The devil is in the details.
And by “devil,” I mean “electrical outlets.”
Because, in the past week, not one, but TWO different electrical outlets made a rather large impression on me.
One good. One not so good.
First, the positive.
On Saturday, my family and I had lunch at our local Buffalo Wild Wings. The hostess led us to one of the many new booths that had been added during the recent renovation.
That’s when I saw it.
Every new booth had its own electrical outlet that accommodated two AC plugs and two USB ports.
Pretty, ain’t it?
Most restaurants are in business to serve food and drink. But Buffalo Wild Wings goes a step further and serves their customers’ needs. After all, how often does your phone or laptop needed a boost of juice come meal time?
Customer service is more than employee handbooks and delivering a quality product. It’s anticipating and meeting the felt need of your customer. And, now more than ever, that felt need includes a place to plug in and recharge.
How can you anticipate the needs of your customers?
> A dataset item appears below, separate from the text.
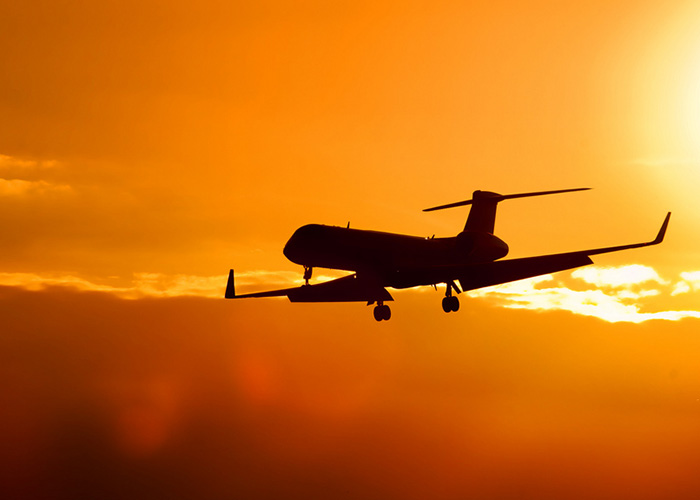 https://d3r8gwkgo0io6y.cloudfront.net/upload/LL/air-plane.jpg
Ask your employees to write down the top three most common questions they get asked day in and day out. That would be a good place to start.
Now, the negative.
We are selling our home. So we’ve been touring homes that are on the market. Last week, my wife and I walked through a brand new house that matched our criteria. It had everything going for it. Great curb appeal, awesome floor plan, a nice location…
That’s when I saw it.
Standing in the great room, I noticed that every electrical outlet on every wall was crooked.
Not just slightly crooked either. Crooked crooked.
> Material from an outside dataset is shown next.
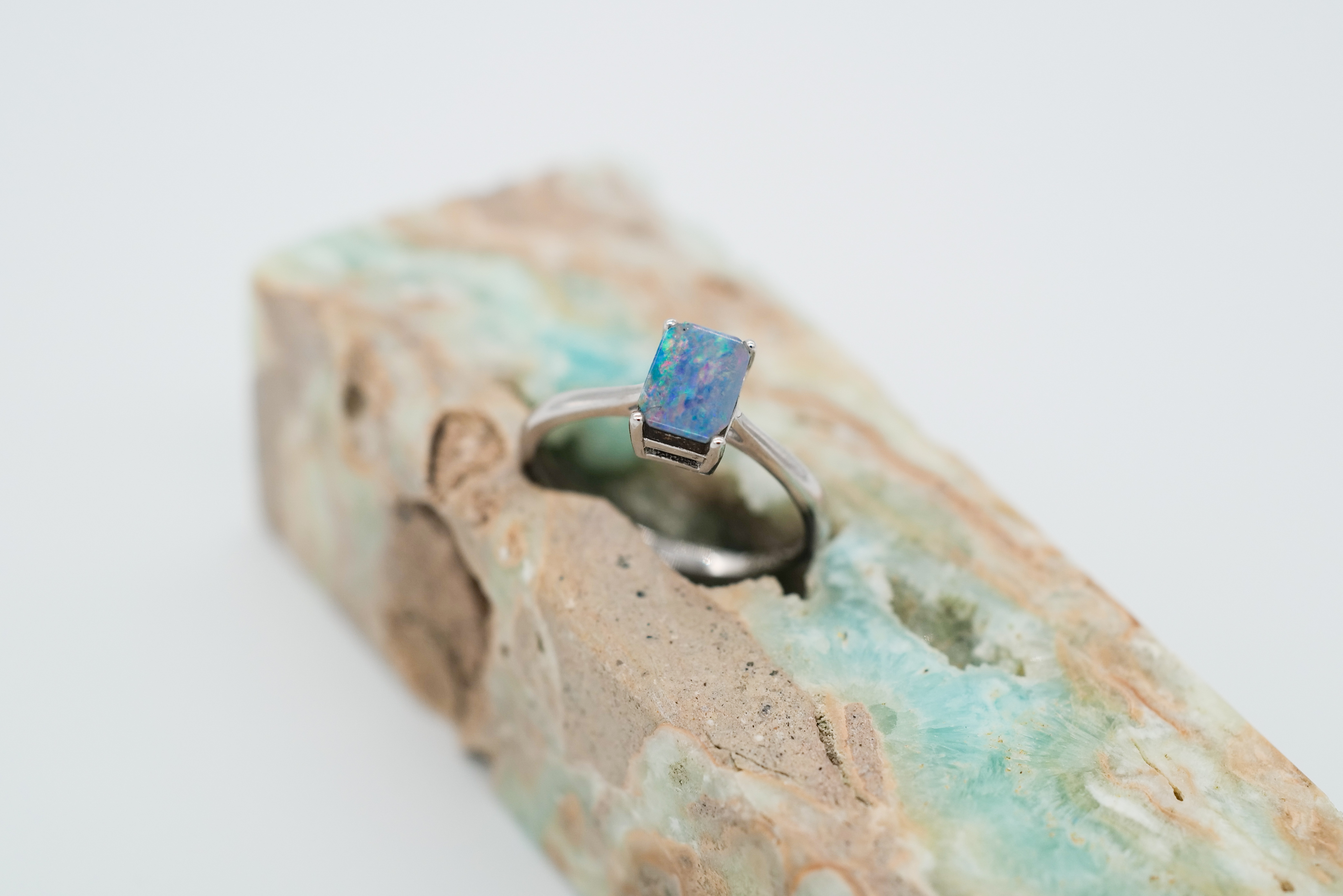 Elegante anillo de ópalo australiano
So I backtracked and walked through the other rooms.
Sure enough. Every outlet. Crooked.
Donald Burr, former CEO of People Express Airlines, once wrote,
In the airline industry, if passengers see coffee stains on the food tray, they assume the engine maintenance isn’t done right.
In the same way, when I see crooked outlets in a brand new house, I assume other parts of the house were built crooked, too.
In the span of 42 seconds, my attitude shifted from ready to make an offer to ready to make tracks.
Your customers notice the little things. So if they see something that’s not quite right, they will make assumptions about the quality of your work.
Perception is reality.
Make sure the outlets aren’t crooked.